SACRIFICI E RISCHI. “Ci rendiamo conto che vi chiediamo un ulteriore sforzo, ma se iniziassimo ora ad allentare le misure tutti gli sforzi sarebbero vani, quindi pagheremmo un prezzo altissimo, oltre al costo psicologico e sociale, saremmo costretti a ripartire di nuovo, un doppio costo che non ci possiamo permettere. Invito tutti a continuare a rispettare le misure. C’è una sparuta minoranza di persone che non rispetta le regole: abbiamo disposto sanzioni severe e misure onerose. Non ci possiamo permettere che l’irresponsabilità di alcuni rechino danni a tutti”. “Rimane il regime di vincoli che abbiamo predisposto. È in atto con la comunità scientifica la possibilità di valutare, per quelli che hanno superato la malattia, come recuperarli alla piena operatività. Ma per ora non cambia nulla”.
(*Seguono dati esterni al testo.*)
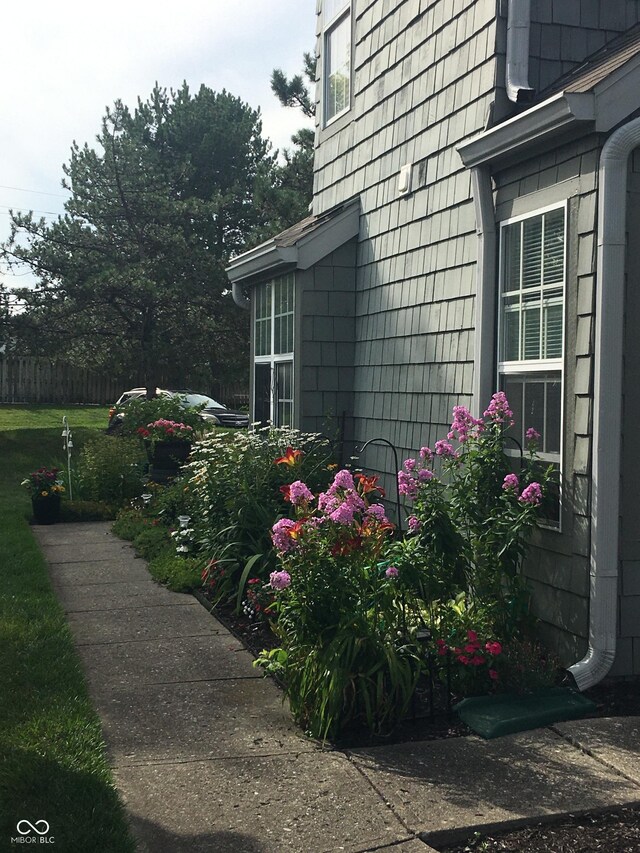 view of side of property featuring fence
PASSEGGIATE E SPORT. “Non abbiamo affatto autorizzato l’ora del passeggio coi bambini. Abbiamo solo detto che quando un genitore va a fare la spesa si può consentire anche l’accompagno di un bambino. Ma non deve essere l’occasione di andare a spasso e avere un allentamento delle misure restrittive”. Nel nuovo dpcm si vietano gli allenamenti anche degli atleti professionisti “onde evitare che delle società sportive possano pretendere l’esecuzione di una prestazione sportiva anche nella forma di un allenamento. Ovviamente gli atleti non significa che non potranno più allenarsi: non lo faranno in maniera collettiva ma individuale”.
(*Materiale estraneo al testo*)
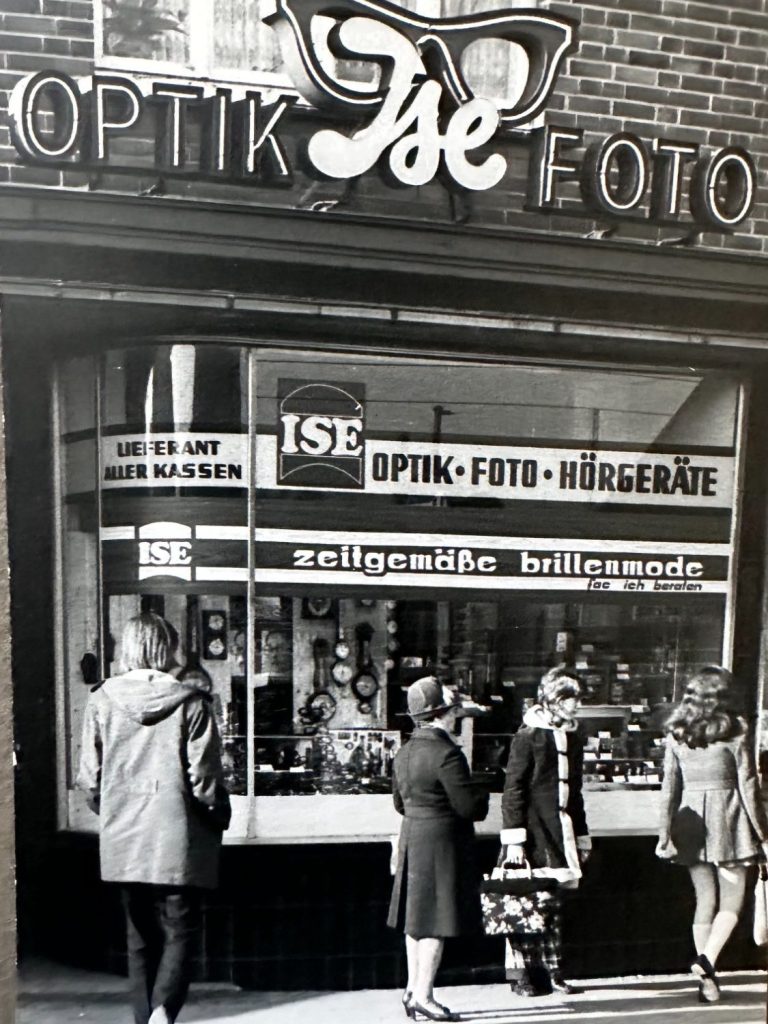 Altes Foto des ISE Optikgeschäftes Schaufenster des Optikgeschäfts ISE mit einer Gruppe von Passanten. Schwarzweißes Foto aus den 50er/60er Jahren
MES. “Il Mes così com’è è inadeguato a fare fronte a questa emergenza. E’ uno strumento nato per choc asimmetrici, noi stiamo attraversano uno tsunami di portata epocale. Il Mes può essere in prospettiva, se verrà snaturato e posto nell’ambito di un ampio ventaglio di interventi, senza condizionalità preventive o successive, può essere uno strumento fra gli altri che ci offriranno la possibilità di mettere in piedi una strategia europea”.